GRAPHS AND NETWORKS - 2017/8
Module code: MAT3043
SKELDON A Dr (Maths)
Number of Credits
FHEQ Level 6
Module cap (Maximum number of students)
Overall student workload
|Assessment type||Unit of assessment||Weighting|
|School-timetabled exam/test||IN-SEMESTER TEST||20%|
Prerequisites / Co-requisites
Graph theory is an aesthetically appealing branch of pure mathematics with strong links to other areas of mathematics (combinatorics, algebra, topology, probability, optimisation and numerics) and well developed applications to a wide range of other disciplines (including operations research, chemistry, systems biology, statistical mechanics and quantum field theory).
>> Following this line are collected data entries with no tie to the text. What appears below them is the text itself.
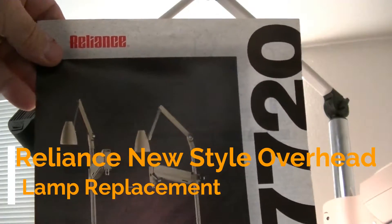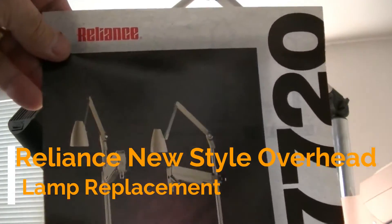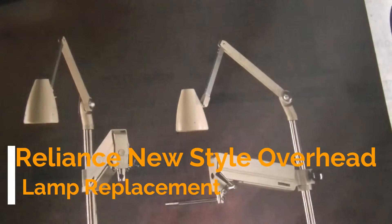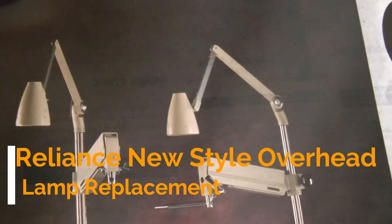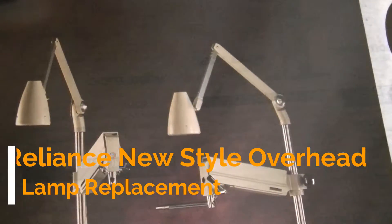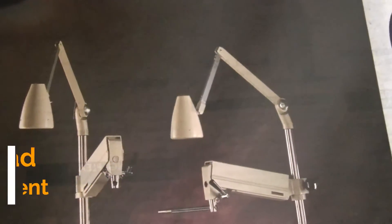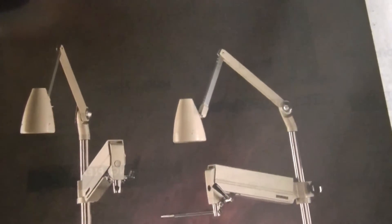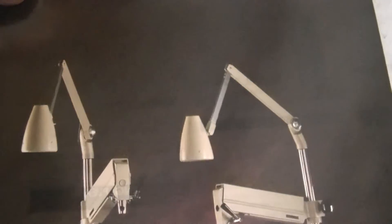Remember the old Reliance stands when they had the overhead light? You just unscrewed the light bulb, screwed a new one in. It took you about ten seconds to do it. Well, that's gone, no longer.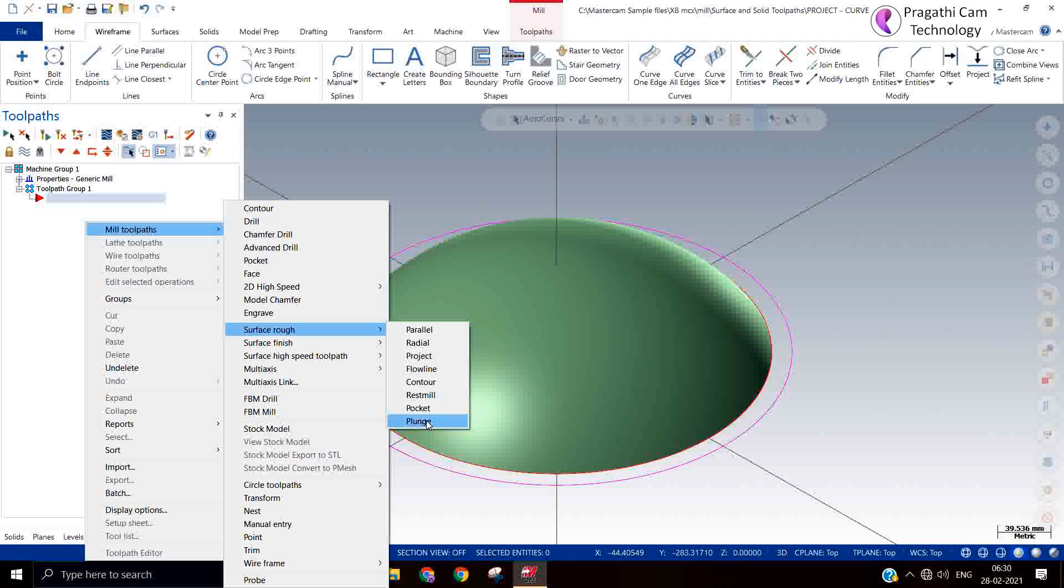And continuously you are plunging directly on the material, so the load on the cutter and load on the spindle is more and it will reduce the machine life. That's the reason it is very rarely used here. Whenever you think of a machine long life, then don't use this toolpath for machinery.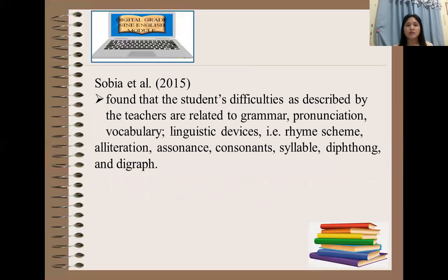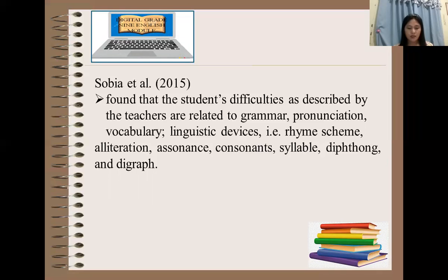Bia et al. found that the students' difficulties as described by teachers are related to grammar, pronunciation, vocabulary, and linguistic devices such as rhyme, rhyme scheme, alliteration, assonance, consonants, syllable, diphthong, and digraph. Our students encounter different difficulties, and even when students are exposed to technology, there are still difficulties that need to be enhanced and remediated — such as grammar, pronunciation, vocabulary, and linguistic devices.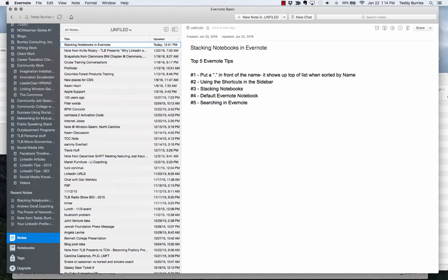I'm Teddy Burris. I'm a LinkedIn coach and trainer, social media consultant, and public speaker. I love Evernote and I wanted to show you quickly how to use it today. I hope this is helpful.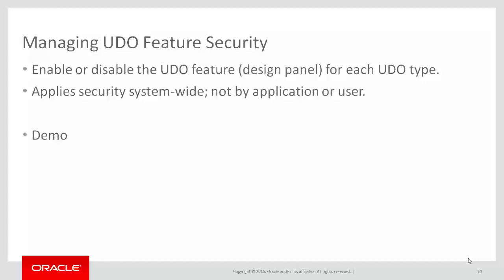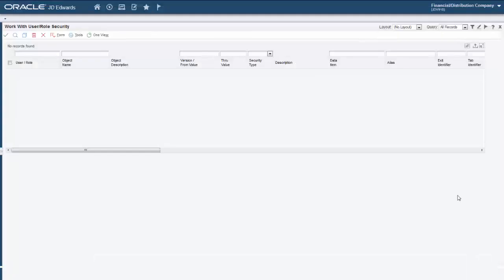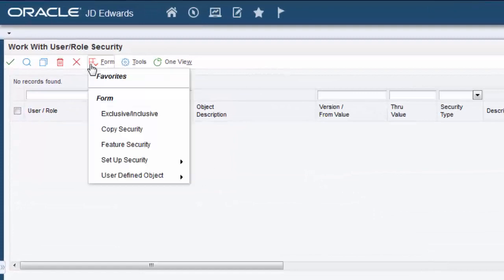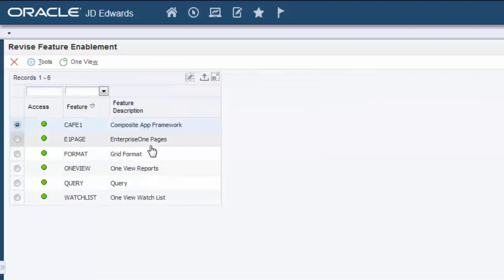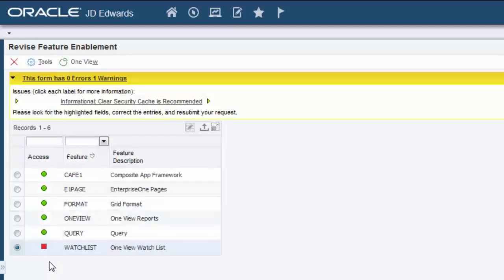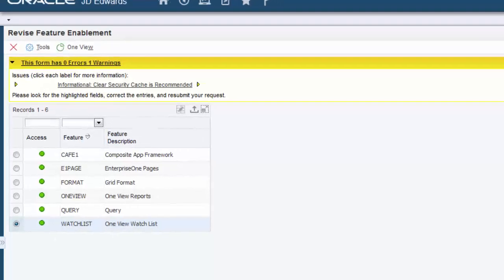So let's look at the Security Workbench form that controls feature security. This is the Security Workbench in Enterprise One. To access the Revised Feature Enablement form, select the Form menu and then select Feature Security. Here on the Revised Feature Enablement form, you can select the row for the UDO feature and then click the icon to toggle the status to Active or Inactive. For example, if I select the row for the Watch List feature and decide to deactivate it, I can click the green icon. The red square indicates that the Watch List feature is now inactive in Enterprise One. Any time you change feature security, you should clear the security cache for the changes to take effect. For this tutorial, we'll leave all UDO features active.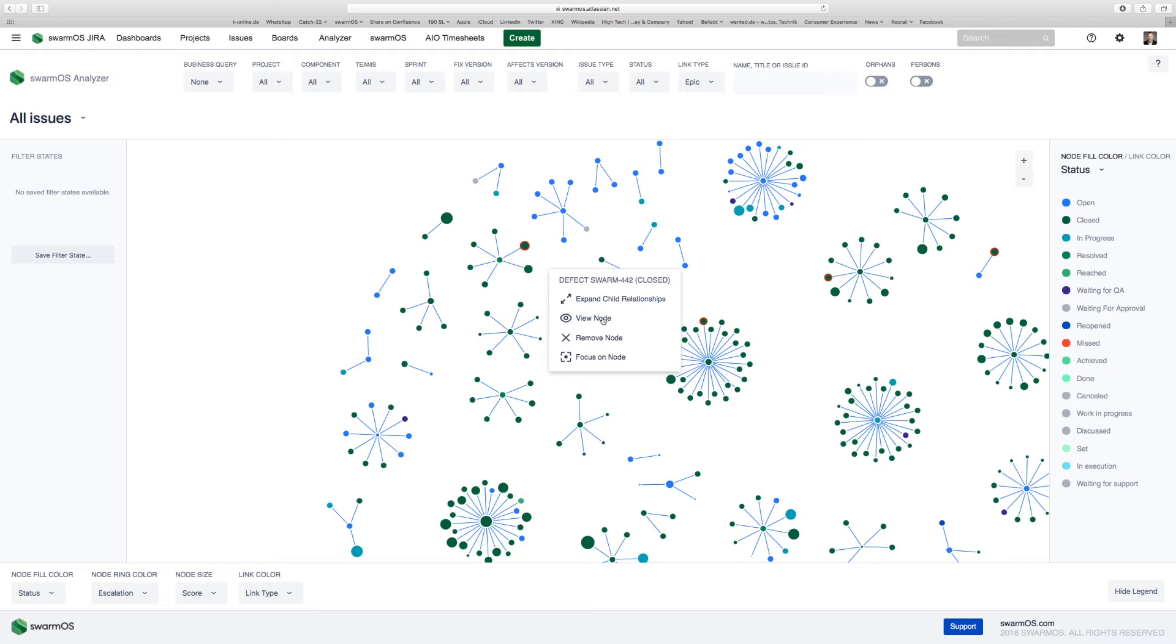To analyze the network, visualize the network, and actually lead from here, we would be very keen on getting your feedback to improve the product further. So please reach out to us at SwarmOS.com. Thank you so much.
This module provides an introduction to graph theory. There is an emphasis on theorems and proofs.
This module aims to provide an introduction to graph theory, motivated and illustrated by applications to the life, physical and social sciences and to business.
|Demonstrate understanding of the language and proof techniques used in elementary graph theory||KC|
|Apply methods from combinatorics, linear algebra and topology to graphs||KCT|
|Apply graph theoretical methods and techniques to network optimisation problems;||CT|
|Demonstrate an elementary knowledge of a range of applications of graph theory to the life, physical and social sciences and to business.||CPT|
C - Cognitive/analytical
K - Subject knowledge
T - Transferable skills
P - Professional/Practical skills
Indicative content includes:
The language of graph theory;
Elementary results on paths, cycles, trees, cut-sets, Hamiltonian and Eulerian graphs;
Examples from enumerative theory, including Cayley’s theorem on trees;
Graphs embedded in surfaces; the genus of a graph;
Spectral methods: the adjacency and Laplacian matrices;
Graph polynomials, colourings and Ising / Potts models;
Network route and flow optimisation problems;
Applications to Markov chains and decision processes;
Introduction to flux balance and related methods in systems biology;
Examples and properties of small world and scale free networks.
Methods of Teaching / Learning
The learning and teaching strategy is designed to:
Equip students with the knowledge, practical experience and confidence to apply the techniques of Graph Theory to abstract and practical problems.
The learning and teaching methods include:
3 hours of lectures and tutorials per week for 11 weeks. Learning takes place through lectures, tutorials, exercises, coursework, tests and background reading.
The assessment strategy is designed to provide students with the opportunity to demonstrate:
That they have learned the basic material in the field, and are able to apply it to examples and problems.
Thus, the summative assessment for this module consists of:
In-semester test. Constitutes 20% of the final mark.
Final Examination, 2 hours, end of Semester. Constitutes 80% of final mark.
Formative assessment and feedback
Students will receive verbal feedback in tutorials. There will also be unassessed coursework on which students will receive written feedback
Reading list for GRAPHS AND NETWORKS : http://aspire.surrey.ac.uk/modules/mat3043
Please note that the information detailed within this record is accurate at the time of publishing and may be subject to change. This record contains information for the most up to date version of the programme / module for the 2017/8 academic year.